[FFmpeg-devel] [PATCH 2/3] scale_cuda frame crop support
Timo Rothenpieler
timo at rothenpieler.org
Tue Sep 10 21:37:25 EEST 2024
On 10.09.2024 20:10, Koushik Dutta wrote:
> The crop filter has no effect on scale_cuda:
>
> -vf crop=100:100,scale_cuda=300x300
>
> Hardware frames (AV_PIX_FMT_FLAG_HWACCEL) are expected to use the crop_* properties,
> as seen in the implementation vf_crop.c.
>
> The current workaround is to hwdownload the full frame
> and perform the crop on CPU.
> ---
> libavfilter/vf_scale_cuda.c | 15 ++++++++++-----
> libavfilter/vf_scale_cuda.cu | 22 ++++++++++++++--------
> 2 files changed, 24 insertions(+), 13 deletions(-)
>
> diff --git a/libavfilter/vf_scale_cuda.c b/libavfilter/vf_scale_cuda.c
> index 54a340949d..eb8beee771 100644
> --- a/libavfilter/vf_scale_cuda.c
> +++ b/libavfilter/vf_scale_cuda.c
> @@ -407,7 +407,7 @@ fail:
> }
>
> static int call_resize_kernel(AVFilterContext *ctx, CUfunction func,
> - CUtexObject src_tex[4], int src_width, int src_height,
> + CUtexObject src_tex[4], int src_left, int src_top, int src_width, int src_height,
> AVFrame *out_frame, int dst_width, int dst_height, int dst_pitch)
> {
> CUDAScaleContext *s = ctx->priv;
> @@ -422,7 +422,7 @@ static int call_resize_kernel(AVFilterContext *ctx, CUfunction func,
> &src_tex[0], &src_tex[1], &src_tex[2], &src_tex[3],
> &dst_devptr[0], &dst_devptr[1], &dst_devptr[2], &dst_devptr[3],
> &dst_width, &dst_height, &dst_pitch,
> - &src_width, &src_height, &s->param
> + &src_left, &src_top, &src_width, &src_height, &s->param
> };
>
> return CHECK_CU(cu->cuLaunchKernel(func,
> @@ -440,6 +440,9 @@ static int scalecuda_resize(AVFilterContext *ctx,
>
> CUtexObject tex[4] = { 0, 0, 0, 0 };
>
> + int crop_width = (in->width - in->crop_right) - in->crop_left;
> + int crop_height = (in->height - in->crop_bottom) - in->crop_top;
Bit of a nit, but I don't think the parenthesis are neccesary.
> +
> ret = CHECK_CU(cu->cuCtxPushCurrent(cuda_ctx));
> if (ret < 0)
> return ret;
> @@ -477,7 +480,7 @@ static int scalecuda_resize(AVFilterContext *ctx,
>
> // scale primary plane(s). Usually Y (and A), or single plane of RGB frames.

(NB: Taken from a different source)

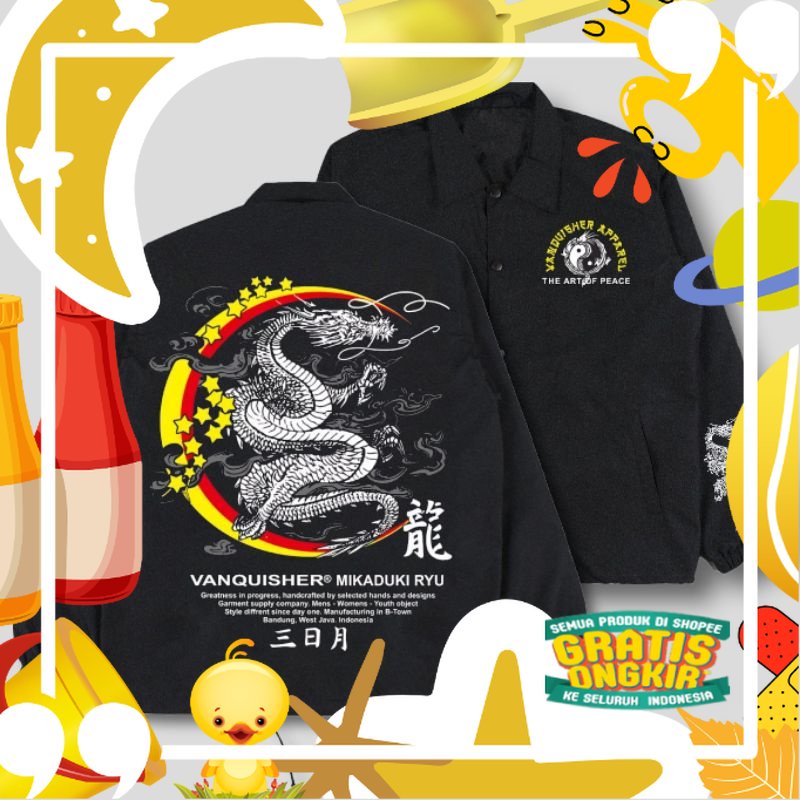 JAKET COACH PARASUT VANQUISHER HITAM DEWASA PRIA WANITA / COACH JAKET PREMIUM [COD]/ hitam oren ungu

> ret = call_resize_kernel(ctx, s->cu_func,
> - tex, in->width, in->height,
> + tex, in->crop_left, in->crop_top, crop_width, crop_height,
> out, out->width, out->height, out->linesize[0]);
> if (ret < 0)
> goto exit;
> @@ -485,8 +488,10 @@ static int scalecuda_resize(AVFilterContext *ctx,
> if (s->out_planes > 1) {
> // scale UV plane. Scale function sets both U and V plane, or singular interleaved plane.
> ret = call_resize_kernel(ctx, s->cu_func_uv, tex,
> - AV_CEIL_RSHIFT(in->width, s->in_desc->log2_chroma_w),
> - AV_CEIL_RSHIFT(in->height, s->in_desc->log2_chroma_h),
> + AV_CEIL_RSHIFT(in->crop_left, s->in_desc->log2_chroma_w),
> + AV_CEIL_RSHIFT(in->crop_top, s->in_desc->log2_chroma_h),
> + AV_CEIL_RSHIFT(crop_width, s->in_desc->log2_chroma_w),
> + AV_CEIL_RSHIFT(crop_height, s->in_desc->log2_chroma_h),
> out,
> AV_CEIL_RSHIFT(out->width, s->out_desc->log2_chroma_w),
> AV_CEIL_RSHIFT(out->height, s->out_desc->log2_chroma_h),
> diff --git a/libavfilter/vf_scale_cuda.cu b/libavfilter/vf_scale_cuda.cu
> index de06ba9433..271b55cd5d 100644
> --- a/libavfilter/vf_scale_cuda.cu
> +++ b/libavfilter/vf_scale_cuda.cu
> @@ -26,6 +26,7 @@
> template<typename T>
> using subsample_function_t = T (*)(cudaTextureObject_t tex, int xo, int yo,
> int dst_width, int dst_height,
> + int src_left, int src_top,
> int src_width, int src_height,
> int bit_depth, float param);
>
> @@ -64,11 +65,12 @@ static inline __device__ ushort conv_16to10(ushort in)
> subsample_function_t<in_T_uv> subsample_func_uv> \
> __device__ static inline void N(cudaTextureObject_t src_tex[4], T *dst[4], int xo, int yo, \
> int dst_width, int dst_height, int dst_pitch, \
> - int src_width, int src_height, float param)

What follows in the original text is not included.